* Task statement
Nothing outside the lines below from the one containing "阿翔飛韓國工作「老婆深夜急報喜訊」 坦言沒勇氣告知:「他鐵定會哭」" through the one containing "Review Dell Inspiron 7590" is to be printed; print those exactly, ends included, and drop the pictures.

* Input
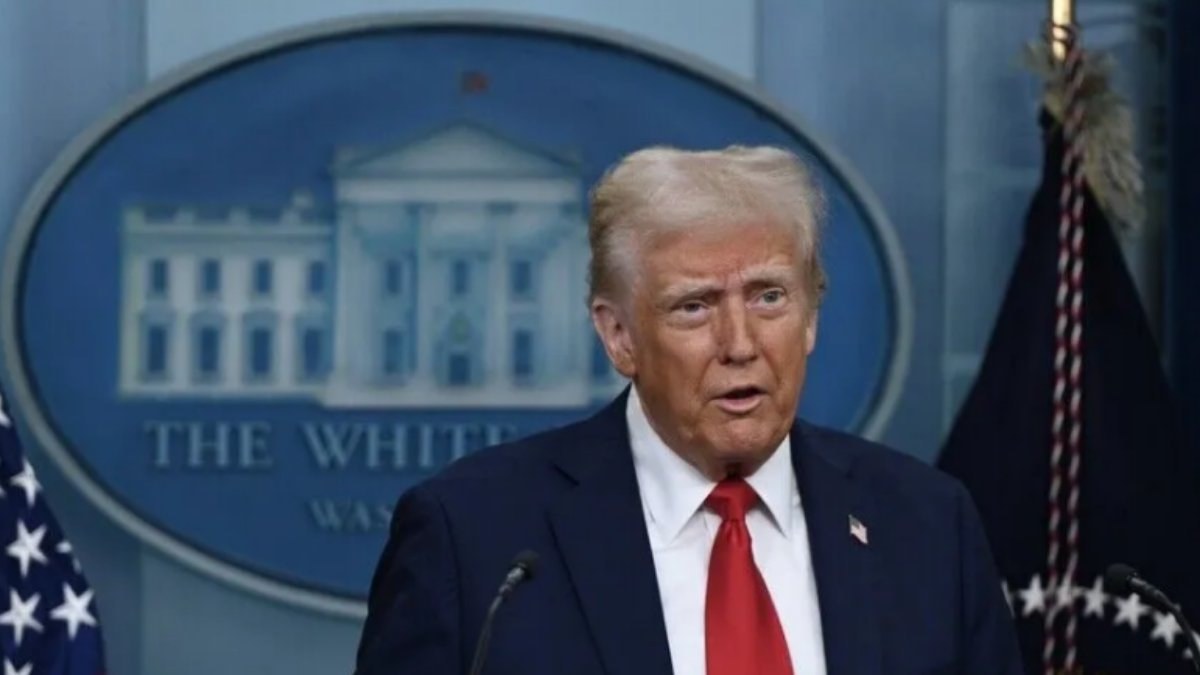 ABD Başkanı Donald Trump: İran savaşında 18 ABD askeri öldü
--
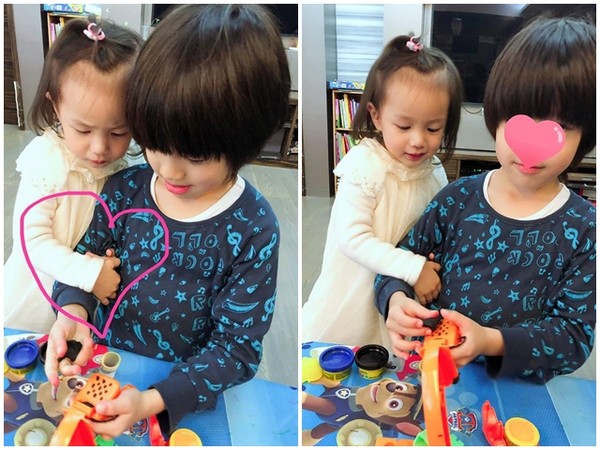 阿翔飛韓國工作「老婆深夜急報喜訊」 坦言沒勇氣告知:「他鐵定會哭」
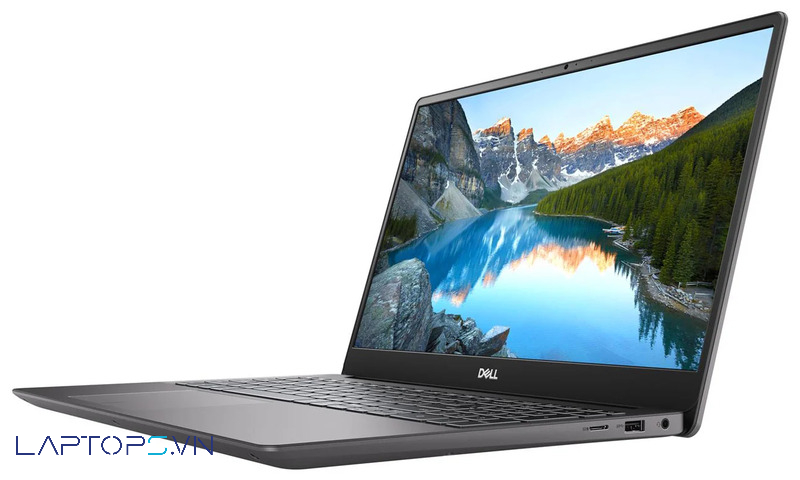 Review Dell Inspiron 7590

* Answer box
 阿翔飛韓國工作「老婆深夜急報喜訊」 坦言沒勇氣告知:「他鐵定會哭」
 Review Dell Inspiron 7590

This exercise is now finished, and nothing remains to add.